● Input
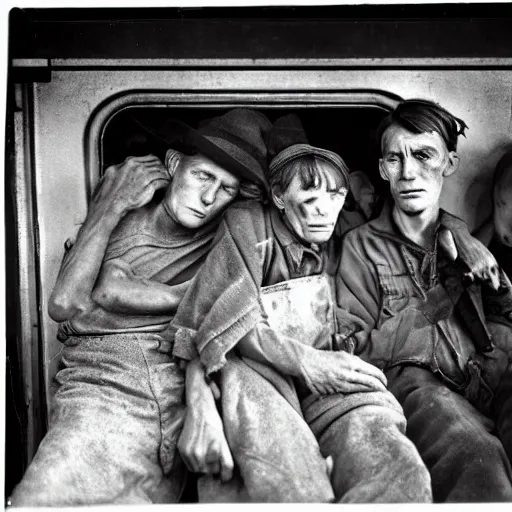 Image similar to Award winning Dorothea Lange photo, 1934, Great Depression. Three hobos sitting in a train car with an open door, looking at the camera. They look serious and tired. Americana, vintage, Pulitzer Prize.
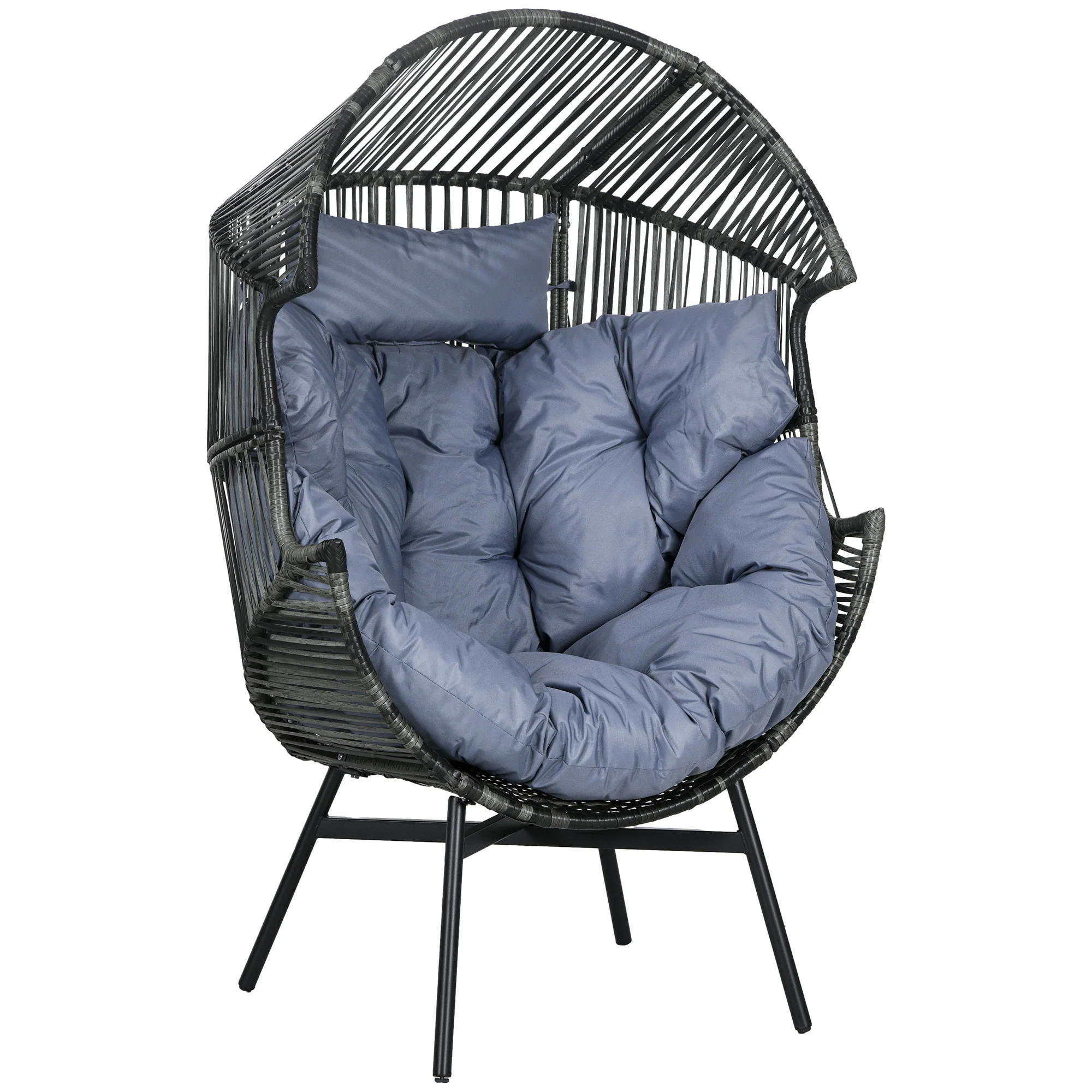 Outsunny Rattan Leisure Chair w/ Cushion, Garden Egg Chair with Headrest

--

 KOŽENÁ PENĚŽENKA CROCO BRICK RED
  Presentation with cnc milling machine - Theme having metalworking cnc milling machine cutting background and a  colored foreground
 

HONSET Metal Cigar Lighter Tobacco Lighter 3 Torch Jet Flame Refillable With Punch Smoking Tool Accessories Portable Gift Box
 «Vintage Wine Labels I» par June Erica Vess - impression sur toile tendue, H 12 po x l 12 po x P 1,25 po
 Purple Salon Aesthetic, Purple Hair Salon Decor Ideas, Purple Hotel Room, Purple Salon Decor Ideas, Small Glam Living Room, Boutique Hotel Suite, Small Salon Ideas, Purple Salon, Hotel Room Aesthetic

● Task prompt
For the material above, reproduce exactly the lines from the line with "KOŽENÁ PENĚŽENKA CROCO BRICK RED" to the line with "Purple Salon Aesthetic, Purple", inclusive, and exclude all others.

● Answer box
 KOŽENÁ PENĚŽENKA CROCO BRICK RED
  Presentation with cnc milling machine - Theme having metalworking cnc milling machine cutting background and a  colored foreground
 

HONSET Metal Cigar Lighter Tobacco Lighter 3 Torch Jet Flame Refillable With Punch Smoking Tool Accessories Portable Gift Box
 «Vintage Wine Labels I» par June Erica Vess - impression sur toile tendue, H 12 po x l 12 po x P 1,25 po
 Purple Salon Aesthetic, Purple Hair Salon Decor Ideas, Purple Hotel Room, Purple Salon Decor Ideas, Small Glam Living Room, Boutique Hotel Suite, Small Salon Ideas, Purple Salon, Hotel Room Aesthetic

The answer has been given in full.